Offroaders use tree saver straps to protect tree trunks from winch cable damage. You don't need to bolt anything to the tree; you just wrap the strap around the trunk and attach the cable to it with a shackle. If it's strong enough to anchor a 3,000 pound jeep hauling itself out of a mudpit, it ought to be able to deal with a treehouse.
posted by Mars Saxman at 5:18 PM on March 16, 2004


The problem with using cables or straps is that the tree is growing and, unless you plan to slightly lengthen the cable regularly, you are strangling the tree. Drilling through or screwing into the tree seems to be the least-damaging way overall.
posted by dg at 5:48 PM on March 16, 2004


Sounds cool, but are there any zoning/building permit concerns with building an 800 sq.ft serviced structure in your backyard?
posted by cardboard at 7:52 PM on March 16, 2004


PLEASE can me and my daughter come and visit?
posted by Pericles at 4:48 AM on March 17, 2004


The scale of that project reminds me of this.

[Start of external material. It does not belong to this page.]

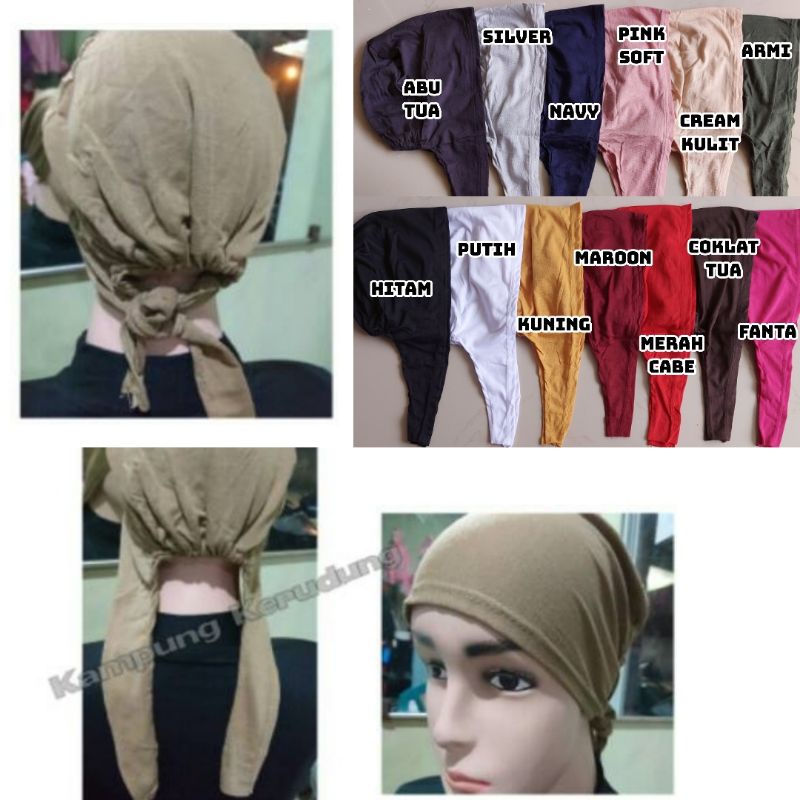 Ciput Ikat Kaos Murah Inner Dalaman Jilbab Kerudung Muslimah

I'm curious where you live. I don't mean to demean your project, but in my neck of the woods, that's a house that happens to be around a tree. I'm with cardboard, what permits are there?
posted by plinth at 5:46 AM on March 17, 2004


Response by poster: Thanks for all the advice - I have gotten a few good ideas... especially from Tomierna.
As for permits - I own a little over a hundred acres out here in Texas. In the country, you really don't need a permit to do most anything.
posted by bradth27 at 7:15 AM on March 17, 2004


I also have nothing to add. But I'm jealous. Because your treehouse will be bigger than my former Atlanta apartment or my current New York City apartment.